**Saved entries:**

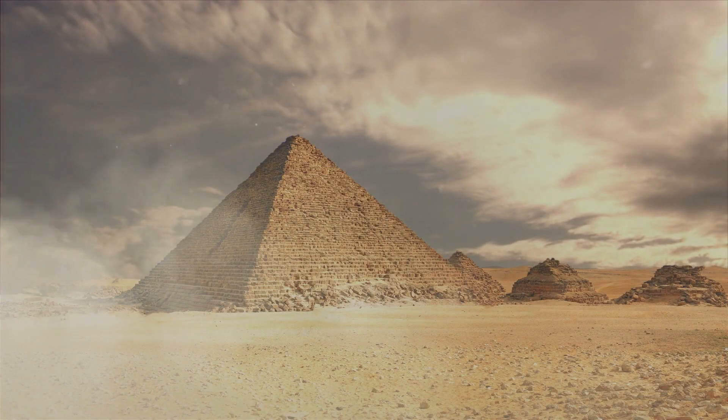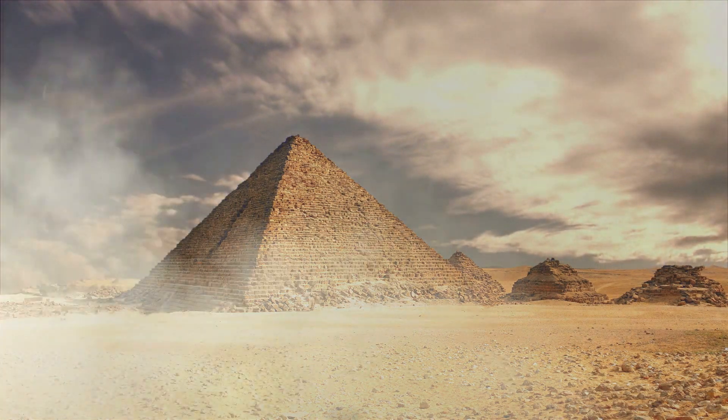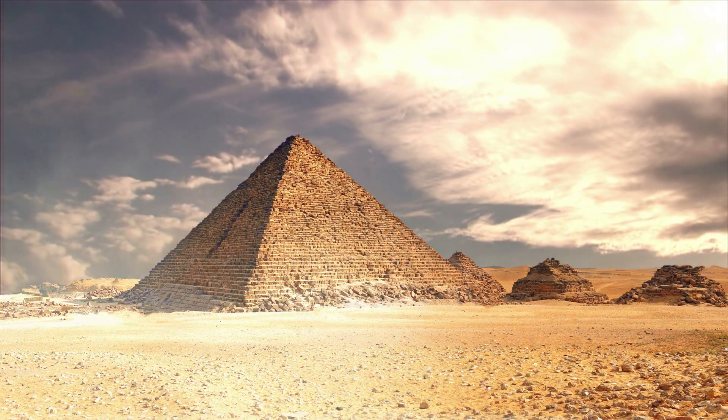The pyramid stands 147 meters tall and consists of an estimated 2.3 million stone blocks, each weighing between 2 and 80 tons.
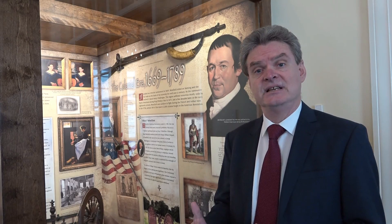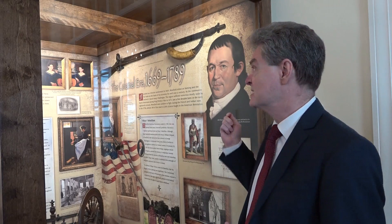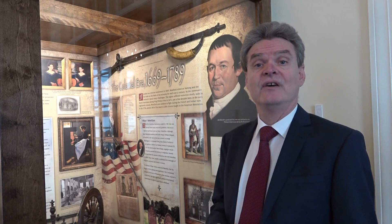This is a very important artifact. Fowley was a man who made weapons here in Westfield in the 1780s and 1790s, and the importance of this particular musket was that it was used as the model or prototype for the first U.S. Army-produced rifles that were made in Springfield just down the road. George Washington established the Springfield Armory in the 1790s, and it became a major production center for American military rifles.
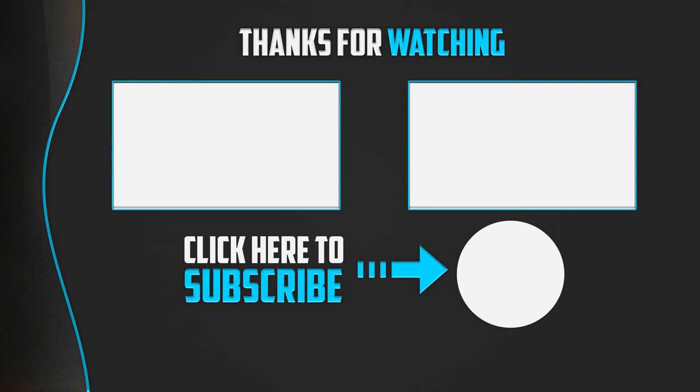Thanks for watching, guys. I hope you liked this video. If it was helpful, please make sure to like, comment, and subscribe. If you have any questions related to these products, you can leave a comment down below and I will get back to you as soon as possible.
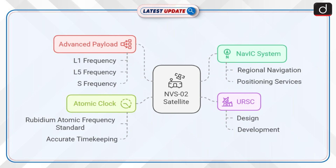NVS-02 will help improve NAVIC services, which are used for navigation, precision agriculture, emergency services, fleet management and even mobile device location services. It carries an advanced navigation payload operating in three frequency bands — L1, L5 and S — to ensure high accuracy. It also has a precise atomic clock called the Rubidium Atomic Frequency Standard, RAFS, for accurate timekeeping.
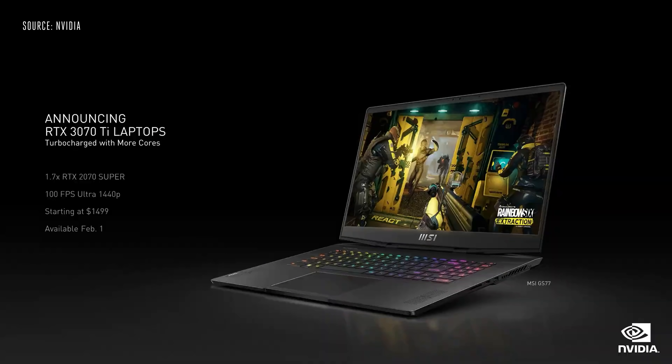The RTX 70 family is our fastest-growing class of laptop GPUs. Introducing the RTX 3070 Ti — it's 70% faster than the RTX 2070 Super laptops and delivers 100 frames per second at 1440p. RTX 3070 Ti laptops start at $1499. Laptops powered by both of these new GPUs will be available starting February 1st.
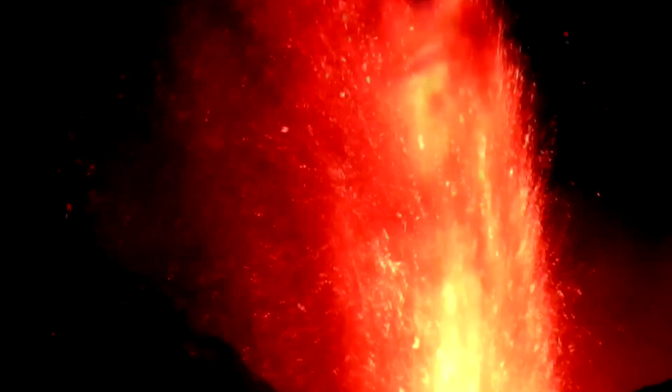Fountains of lava from Mount Etna have been regularly lighting up the Sicilian night sky since December, and the current cycle of eruptions has so far posed no risk to the human settlements that surround it — just like the other 200 or so eruptions that the mountain has produced since 1998.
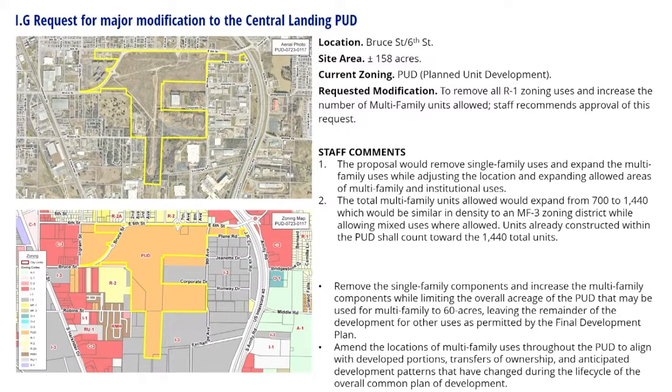Current traffic counts are 11,000 ADT for Sixth Street at Bruce Street, and 4,780 ADT at Bruce Street at Ingram Street. Utilities are available on this site but development will likely require additional improvements. The master street plan designates Sixth Street as a major arterial with a 100-foot right-of-way, Bruce Street as a minor arterial with an 80-foot right-of-way, Ninth Avenue as a collector with a 60-foot right-of-way, Equity Avenue Extension as a minor arterial with an 80-foot right-of-way, and Jeanette Drive Extension as a minor arterial with an 80-foot right-of-way. Street improvement and construction of several streets are planned at the development site.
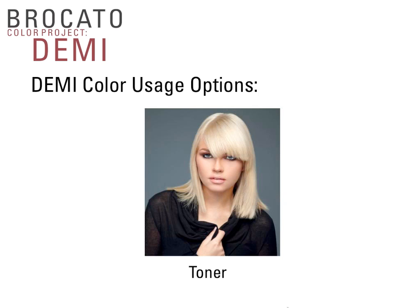We use Demi as a toner because when you bleach the hair, you're introducing highly alkaline products and removing pigment. There's no need to use permanent color to tone bleached hair. Demi is a great lightweight toner — in just 10 to 15 minutes, it gives you the tonality you need, controlling unwanted warmth or adding gold depending on the direction you're going with the blonde tone.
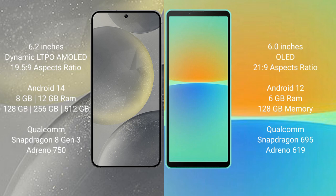Samsung Galaxy S24 runs on the Android 14 operating system. Sony Xperia 10 Mark IV runs on the Android 12 operating system. Samsung Galaxy S24 comes with 8GB or 12GB RAM and 128GB, 256GB, or 512GB internal storage, Qualcomm Snapdragon 8 Gen 3 processor, and GPU Adreno 750.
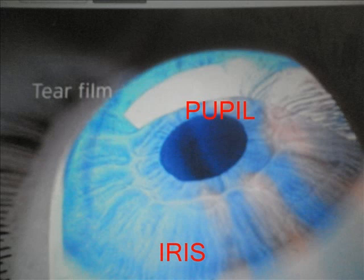The iris is the colored part of the eye. It is the muscle surrounding the pupil. This helps in dilating and making the pupil smaller.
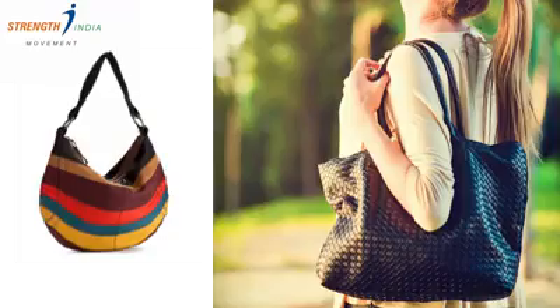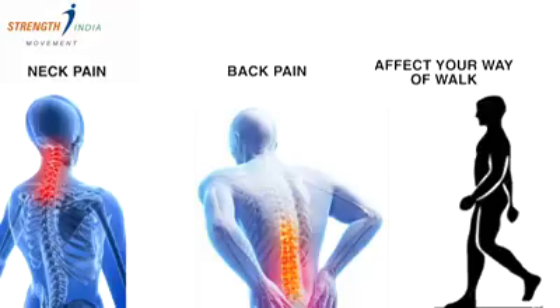Hello friends, welcome to Strength India Movement. Dr. Ashwin Vijay here. In this video I will be talking about handbags that women carry. Handbags, if not carried properly, can cause multiple health issues like neck pain, back pain. In fact, it can even affect your posture and the way you walk.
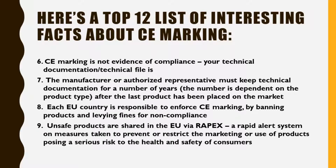Fact 6: CE Marking is not evidence of compliance — your technical documentation or technical file is. Fact 7: The manufacturer or authorized representative must keep technical documentation for a number of years, dependent on the product type, after the last product has been placed on the market.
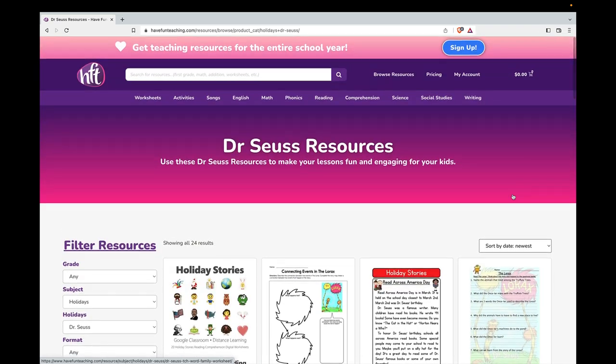Your kids are going to love these activities. Everything here is included with your Have Fun Teaching membership — be sure to sign up today. Get everything you need for all the holidays as well as everything you need for preschool through fifth grade for the entire school year. Everything's included and is ready for instant print and download, and all of our songs and videos can be streamed as well. Have a great Dr. Seuss birthday and Read Across America Day. Have an awesome day!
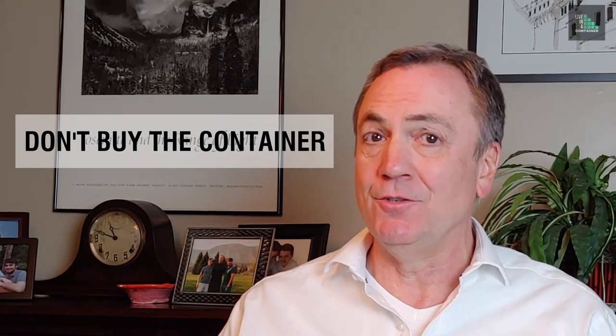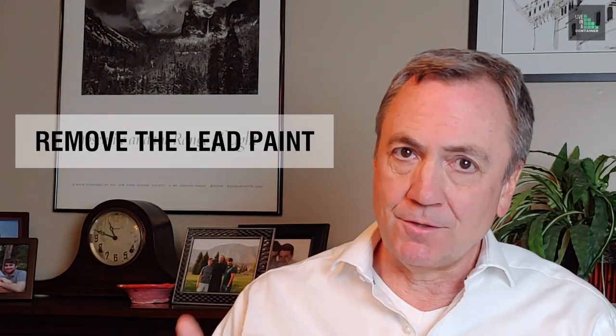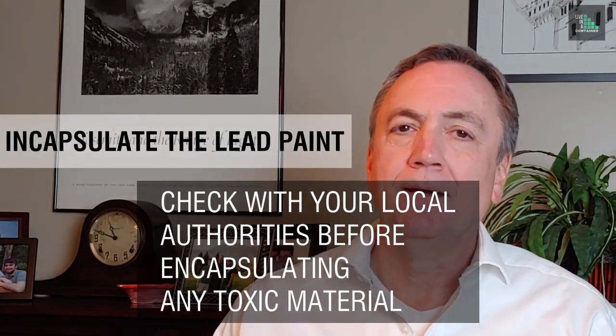There are three methods to consider for dealing with lead paint. Number one is the easy one: just don't buy the container that has lead paint. Number two is to remove the lead paint using a certified, licensed lead paint professional. Or number three is to encapsulate it — painting over it or putting some other kind of finish over it so it won't be exposed to anyone by touching, breathing, or ingesting it, particularly children.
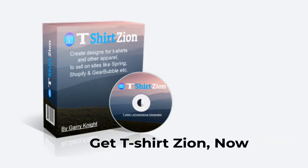What are you waiting for? Click on the button below and get T-Shirt Zion now. We'll see you on the inside.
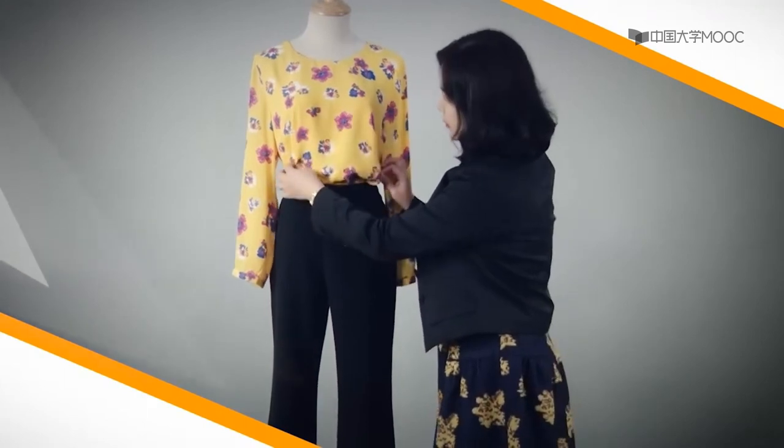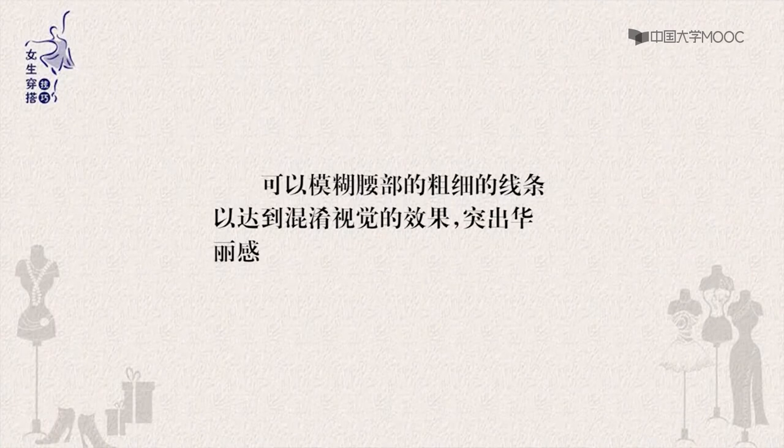穿直筒裤千万要注意，不要将宽松的衬衫放在裤子外面，瞬间年龄老了十岁，像大妈的形象。丰满或者腰不是很细的女生，如果想穿衬衫塞进直筒裤，又担心让腰粗的缺点暴露出来，其实这个问题很好解决。可以选择宽松的衬衫松散地塞进裤子里面，不要塞得很整齐，而是随意放进去，这样可以模糊腰部的粗细线条，达到混淆视觉的效果。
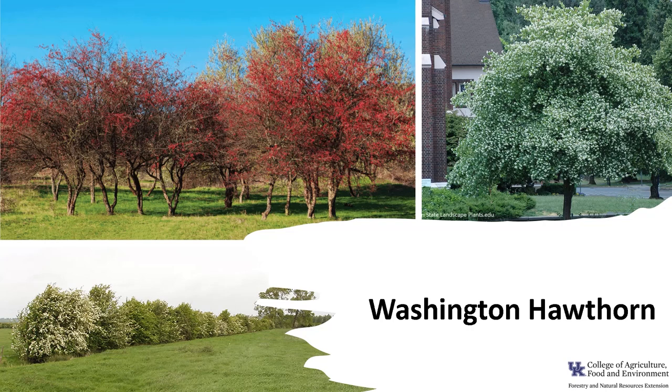Washington Hawthorn is an attractive tree that is widely used as an ornamental tree in landscape plantings. It is used as a specimen tree, in groupings, or even as a hedge since it tolerates heavy pruning. There are numerous cultivars that are thornless, including Princeton, Snowcloud, and Fastigiata.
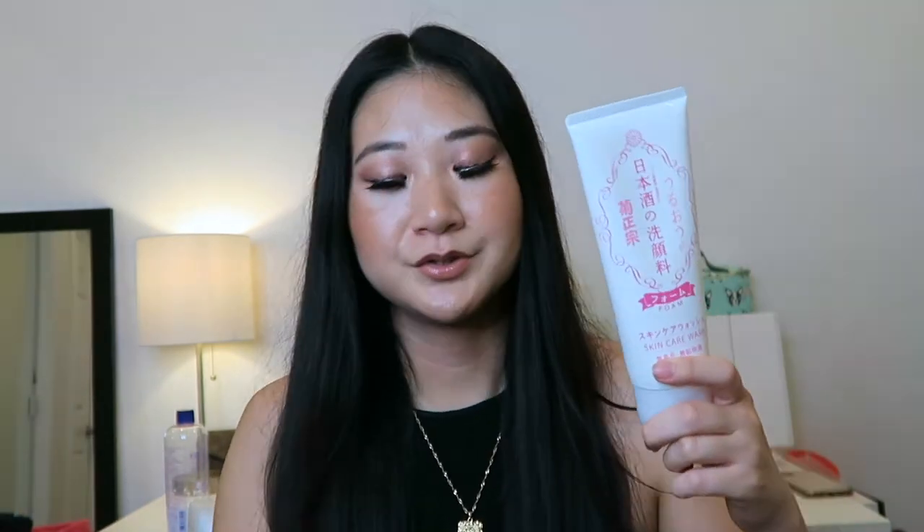I used to use gel cleansers and found they didn't cleanse as deep as I wanted unless I used a brush. With foam cleansers, I can just use my hands and it cleans like ten times better. Before I started using this, I noticed little bumps and blemishes underneath where my skin gets really oily — around the T-zone. It's not noticeable anymore. This cleanser does a really good job cleansing the skin.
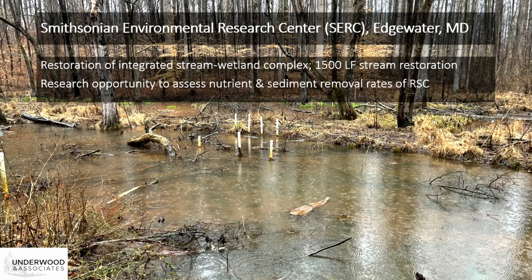This was demonstrated at the Smithsonian Environmental Research Center, or SERC, in Edgewater, Maryland. Here we restored an integrated stream wetland complex, using RSC to restore 1,500 linear feet of stream. This project also provided, and still provides, a great research opportunity to assess the impact of stream restoration on these ecosystems.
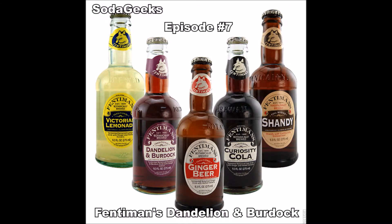Welcome to Soda Geeks. I'm Devin. I'm Connor. Alright, this week we've got a nice cola — actually, I'm not sure that it's a cola. It may just be a soda, it doesn't say. But it is Fentimins.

**Exercise aim:**
The copy you produce must repeat all the entries exactly and contain no pictures.

**Result below:**
The pyramid stands 147 meters tall and consists of an estimated 2.3 million stone blocks, each weighing between 2 and 80 tons.
This is a very important artifact. Fowley was a man who made weapons here in Westfield in the 1780s and 1790s, and the importance of this particular musket was that it was used as the model or prototype for the first U.S. Army-produced rifles that were made in Springfield just down the road. George Washington established the Springfield Armory in the 1790s, and it became a major production center for American military rifles.
Thanks for watching, guys. I hope you liked this video. If it was helpful, please make sure to like, comment, and subscribe. If you have any questions related to these products, you can leave a comment down below and I will get back to you as soon as possible.
NVS-02 will help improve NAVIC services, which are used for navigation, precision agriculture, emergency services, fleet management and even mobile device location services. It carries an advanced navigation payload operating in three frequency bands — L1, L5 and S — to ensure high accuracy. It also has a precise atomic clock called the Rubidium Atomic Frequency Standard, RAFS, for accurate timekeeping.
The RTX 70 family is our fastest-growing class of laptop GPUs. Introducing the RTX 3070 Ti — it's 70% faster than the RTX 2070 Super laptops and delivers 100 frames per second at 1440p. RTX 3070 Ti laptops start at $1499. Laptops powered by both of these new GPUs will be available starting February 1st.
Fountains of lava from Mount Etna have been regularly lighting up the Sicilian night sky since December, and the current cycle of eruptions has so far posed no risk to the human settlements that surround it — just like the other 200 or so eruptions that the mountain has produced since 1998.
Current traffic counts are 11,000 ADT for Sixth Street at Bruce Street, and 4,780 ADT at Bruce Street at Ingram Street. Utilities are available on this site but development will likely require additional improvements. The master street plan designates Sixth Street as a major arterial with a 100-foot right-of-way, Bruce Street as a minor arterial with an 80-foot right-of-way, Ninth Avenue as a collector with a 60-foot right-of-way, Equity Avenue Extension as a minor arterial with an 80-foot right-of-way, and Jeanette Drive Extension as a minor arterial with an 80-foot right-of-way. Street improvement and construction of several streets are planned at the development site.
We use Demi as a toner because when you bleach the hair, you're introducing highly alkaline products and removing pigment. There's no need to use permanent color to tone bleached hair. Demi is a great lightweight toner — in just 10 to 15 minutes, it gives you the tonality you need, controlling unwanted warmth or adding gold depending on the direction you're going with the blonde tone.
Samsung Galaxy S24 runs on the Android 14 operating system. Sony Xperia 10 Mark IV runs on the Android 12 operating system. Samsung Galaxy S24 comes with 8GB or 12GB RAM and 128GB, 256GB, or 512GB internal storage, Qualcomm Snapdragon 8 Gen 3 processor, and GPU Adreno 750.
The iris is the colored part of the eye. It is the muscle surrounding the pupil. This helps in dilating and making the pupil smaller.
Hello friends, welcome to Strength India Movement. Dr. Ashwin Vijay here. In this video I will be talking about handbags that women carry. Handbags, if not carried properly, can cause multiple health issues like neck pain, back pain. In fact, it can even affect your posture and the way you walk.
Fact 6: CE Marking is not evidence of compliance — your technical documentation or technical file is. Fact 7: The manufacturer or authorized representative must keep technical documentation for a number of years, dependent on the product type, after the last product has been placed on the market.
Your kids are going to love these activities. Everything here is included with your Have Fun Teaching membership — be sure to sign up today. Get everything you need for all the holidays as well as everything you need for preschool through fifth grade for the entire school year. Everything's included and is ready for instant print and download, and all of our songs and videos can be streamed as well. Have a great Dr. Seuss birthday and Read Across America Day. Have an awesome day!
There are three methods to consider for dealing with lead paint. Number one is the easy one: just don't buy the container that has lead paint. Number two is to remove the lead paint using a certified, licensed lead paint professional. Or number three is to encapsulate it — painting over it or putting some other kind of finish over it so it won't be exposed to anyone by touching, breathing, or ingesting it, particularly children.
What are you waiting for? Click on the button below and get T-Shirt Zion now. We'll see you on the inside.
穿直筒裤千万要注意，不要将宽松的衬衫放在裤子外面，瞬间年龄老了十岁，像大妈的形象。丰满或者腰不是很细的女生，如果想穿衬衫塞进直筒裤，又担心让腰粗的缺点暴露出来，其实这个问题很好解决。可以选择宽松的衬衫松散地塞进裤子里面，不要塞得很整齐，而是随意放进去，这样可以模糊腰部的粗细线条，达到混淆视觉的效果。
Washington Hawthorn is an attractive tree that is widely used as an ornamental tree in landscape plantings. It is used as a specimen tree, in groupings, or even as a hedge since it tolerates heavy pruning. There are numerous cultivars that are thornless, including Princeton, Snowcloud, and Fastigiata.
I used to use gel cleansers and found they didn't cleanse as deep as I wanted unless I used a brush. With foam cleansers, I can just use my hands and it cleans like ten times better. Before I started using this, I noticed little bumps and blemishes underneath where my skin gets really oily — around the T-zone. It's not noticeable anymore. This cleanser does a really good job cleansing the skin.
This was demonstrated at the Smithsonian Environmental Research Center, or SERC, in Edgewater, Maryland. Here we restored an integrated stream wetland complex, using RSC to restore 1,500 linear feet of stream. This project also provided, and still provides, a great research opportunity to assess the impact of stream restoration on these ecosystems.
Welcome to Soda Geeks. I'm Devin. I'm Connor. Alright, this week we've got a nice cola — actually, I'm not sure that it's a cola. It may just be a soda, it doesn't say. But it is Fentimins.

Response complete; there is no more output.